Den Zorn der Agrarier erregte die Abschaffung einer zweiprozentigen Sondermehrwertsteuer zugunsten der Landwirtschaft, die im vorigen Jahr erhoben worden war. Um diesen Punkt war – ebenso wie um eine schließlich gebilligte Erhöhung des Mindestlohnes – zwei Tage lang in der Duma heiß gefochten worden.

Die eher fiktive Lohnkennziffer, die zur Berechnung von Pensionen und Beihilfen wichtig ist, soll nun bei 3.400 Rubeln (1,50 Mark) liegen. Ein gutes dutzendmal scheiterte der Entwurf an der erforderlichen Zahl von 225 Jastimmen, die zu seiner Annahme erforderlich sind.
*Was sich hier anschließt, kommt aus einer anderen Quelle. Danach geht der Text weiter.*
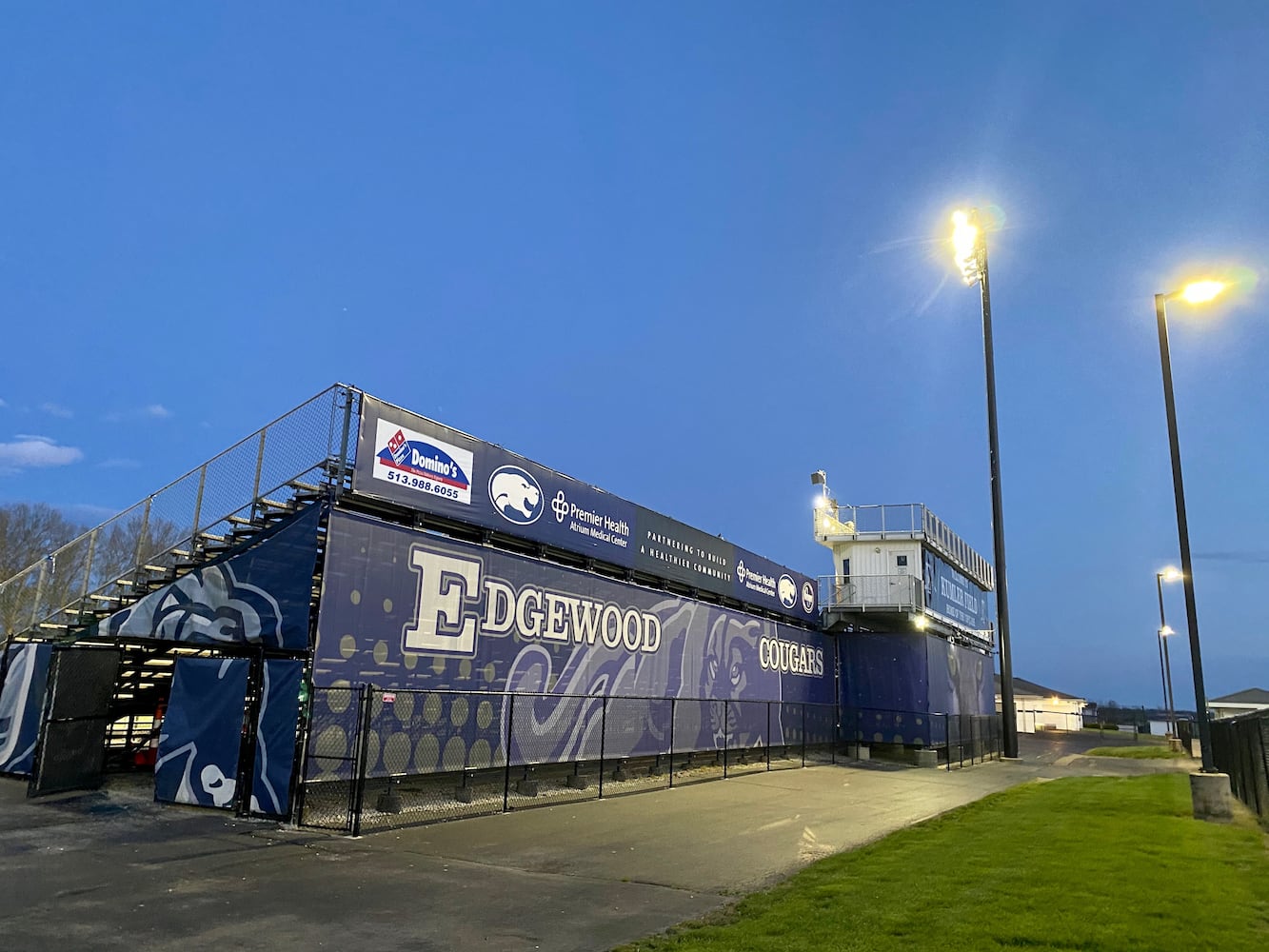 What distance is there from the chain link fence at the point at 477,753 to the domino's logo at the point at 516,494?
3238mm

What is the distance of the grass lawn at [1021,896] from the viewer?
605 cm

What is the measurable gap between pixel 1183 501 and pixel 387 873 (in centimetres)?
1352

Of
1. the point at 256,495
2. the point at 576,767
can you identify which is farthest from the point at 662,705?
the point at 256,495

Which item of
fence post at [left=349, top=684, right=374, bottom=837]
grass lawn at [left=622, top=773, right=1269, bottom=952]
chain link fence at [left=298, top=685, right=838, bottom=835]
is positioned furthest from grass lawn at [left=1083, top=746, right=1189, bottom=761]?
fence post at [left=349, top=684, right=374, bottom=837]

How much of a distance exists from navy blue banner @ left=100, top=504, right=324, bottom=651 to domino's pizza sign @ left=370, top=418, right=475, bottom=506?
1359 mm

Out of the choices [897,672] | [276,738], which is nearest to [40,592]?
[276,738]

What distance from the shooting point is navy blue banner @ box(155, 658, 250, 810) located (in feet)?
36.6

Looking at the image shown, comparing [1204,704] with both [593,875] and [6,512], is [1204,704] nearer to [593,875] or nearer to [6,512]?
[593,875]

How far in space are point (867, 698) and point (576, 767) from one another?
54.6ft

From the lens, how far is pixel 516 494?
15.6 meters

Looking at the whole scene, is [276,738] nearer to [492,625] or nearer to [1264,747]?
[492,625]

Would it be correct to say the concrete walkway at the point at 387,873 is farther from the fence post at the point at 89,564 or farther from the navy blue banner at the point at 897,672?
the navy blue banner at the point at 897,672

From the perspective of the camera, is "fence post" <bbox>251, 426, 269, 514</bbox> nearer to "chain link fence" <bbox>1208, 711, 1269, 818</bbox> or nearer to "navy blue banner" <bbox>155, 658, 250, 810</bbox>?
"navy blue banner" <bbox>155, 658, 250, 810</bbox>

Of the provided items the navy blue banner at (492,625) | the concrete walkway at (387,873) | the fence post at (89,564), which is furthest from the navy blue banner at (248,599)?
the concrete walkway at (387,873) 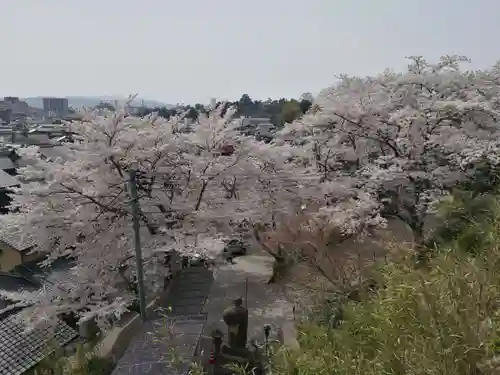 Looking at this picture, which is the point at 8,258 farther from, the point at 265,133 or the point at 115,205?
the point at 265,133

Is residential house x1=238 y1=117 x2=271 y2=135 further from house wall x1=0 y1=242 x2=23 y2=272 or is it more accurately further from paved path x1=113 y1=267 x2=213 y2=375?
house wall x1=0 y1=242 x2=23 y2=272

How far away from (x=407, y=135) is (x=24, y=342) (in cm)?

Und so sieht der vorläufige finanzielle Rahmen aus, den die russischen Gesetzgeber letztes Wochenende mit 231 gegen 127 Stimmen um ihre Regierung gezogen haben: Der Regierung werden Ausgaben im Höhe von 229,9 Billionen Rubeln (69 Milliarden US- Dollar) gestattet und man erwartet von ihr Einnahmen im Werte von 153,7 Billionen (46 Milliarden Dollar). Das Haushaltsdefizit wird dabei vorsorglich auf 76 Billionen Rubel geschätzt. Finanzminister Panskow ließ allerdings verlauten, daß es angesichts der Steuer- und sonstigen Vorgaben der Duma eher um 2,5 Billionen höher läge. Damit wäre die Grenze von 7,7 Prozent des Bruttosozialproduktes bereits überschritten, die einzuhalten die russische Regierung ihren westlichen Kreditgebern versprochen hatte.

Die Einzelheiten schienen kaum jemanden sehr zu bekümmern, denn schließlich ist dies nicht die letzte Lesung des Gesetzesprojektes. Mindestens noch zwei weitere stehen bevor, in deren Verlauf noch genug Zeit ist, um um Einzelposten zu ringen. Deshalb setzte sich die weise Voraussicht durch, daß man es auch diesmal nicht ganz schaffen wird, das Budget vor dem Beginn des Jahres zu verabschieden, auf das es sich bezieht. Deshalb wurde parallel zum Budgetentwurf am Freitag auch gleich noch ein „Gesetz über die Finanzierung der Staatsausgaben für das erste Quartal des Jahres 1995“ verabschiedet. Es setzt Eckziffern in Höhe eines Viertels vom Haushalt des zu Ende gehenden Jahres.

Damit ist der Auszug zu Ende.